Ministerpräsident:innen wollen Scholz treffen
„Gleichzeitig muss man aber dafür sorgen, dass wir die Kommunen so aufstellen, dass sie sich über einen neuen kommunalen Länderfinanzausgleich gegenseitig unterstützen können und eine neue extreme Verschuldung nicht mehr möglich ist, meint Armand Zorn. Er lobt FDP-Finanzminister Christian Lindner, der sich wirklich bemühe, eine Lösung zu finden. Eine Verständigung scheitere aber derzeit an einigen unionsgeführten Bundesländern.
Unterstützung kommt indes aus den Kommunen selbst. Beim Deutschen Kämmerertag hatte Baden-Württembergs Finanzminister Danyal Bayaz (Grüne) in der vergangenen Woche für ein „Update für den Föderalismus“ und die Einrichtung einer neuen Föderalismuskommission geworben, die sich auch den Finanzbeziehungen widmen solle.
Die Ministerpräsident:innen der Länder wünschen sich ihrerseits eine schnelle Sonder-Ministerpräsidentenkonferenz, um mit Scholz über den „Deutschlandpakt“ zu sprechen, berichtete das Nachrichtenportal Pioneer am Mittwoch. Auf dieser soll es vor allem um schnellere Planungs- und Genehmigungsverfahren gehen. Eigentlich hatten sich beide Seiten bereits im März darauf geeinigt, einen gemeinsamen „Pakt für Planungs-, Genehmigungs- und Umsetzungsbeschleunigung“ zu erarbeiten. Passiert ist bisher wenig.

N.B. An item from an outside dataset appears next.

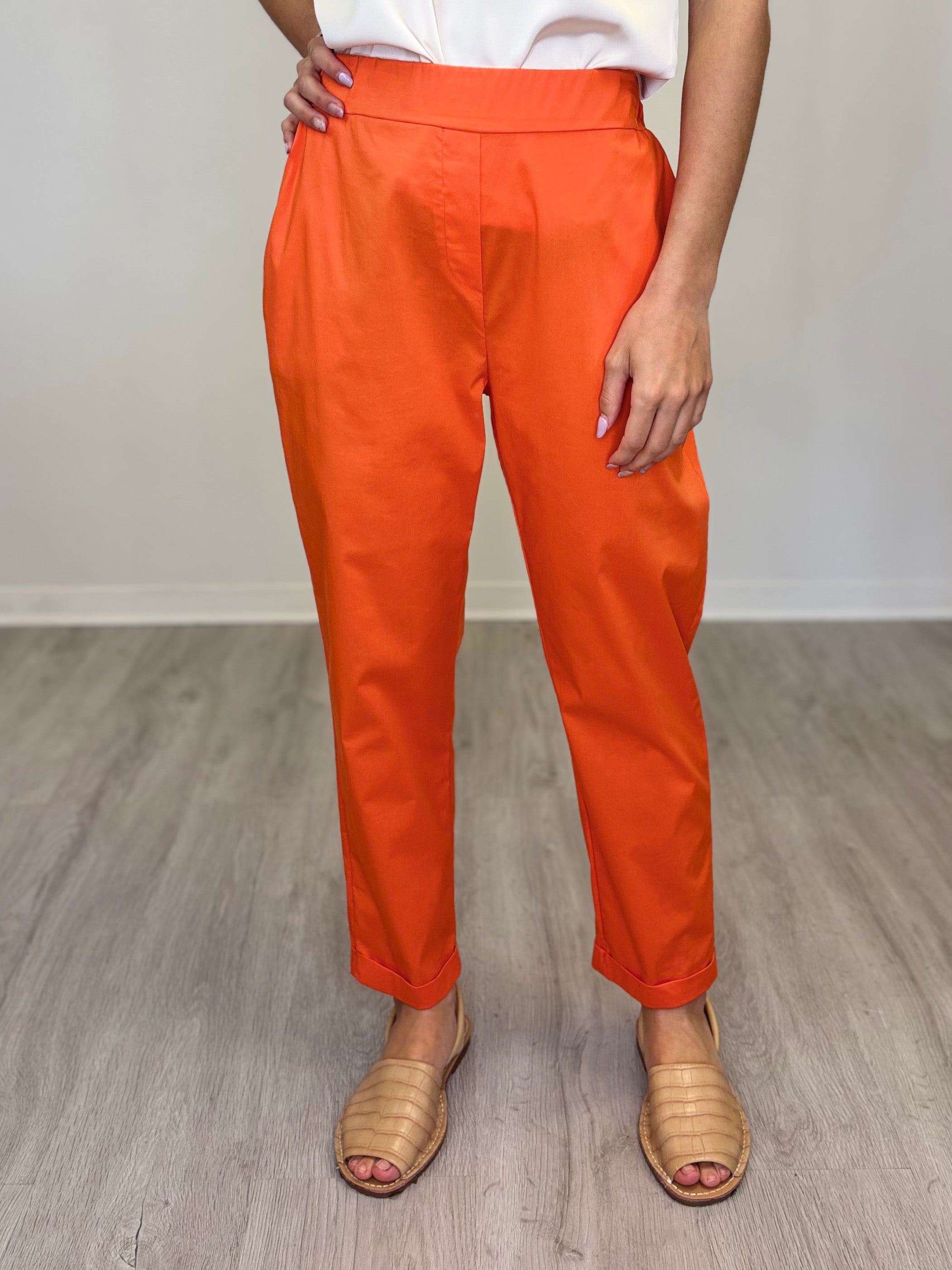 PANTALONE ELASTICO IN VITA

Wie die niedersächsische Staatskanzlei informierte, werden sich in der kommenden Woche die Chef:innen der Staats- und Senatskanzleien bei einer Konferenz in Wilhelmshaven „intensiv mit allen von Olaf Scholz im Zusammenhang mit dem Deutschland-Pakt aufgerufenen Fragen befassen“. Auch das Kanzleramt werde teilnehmen.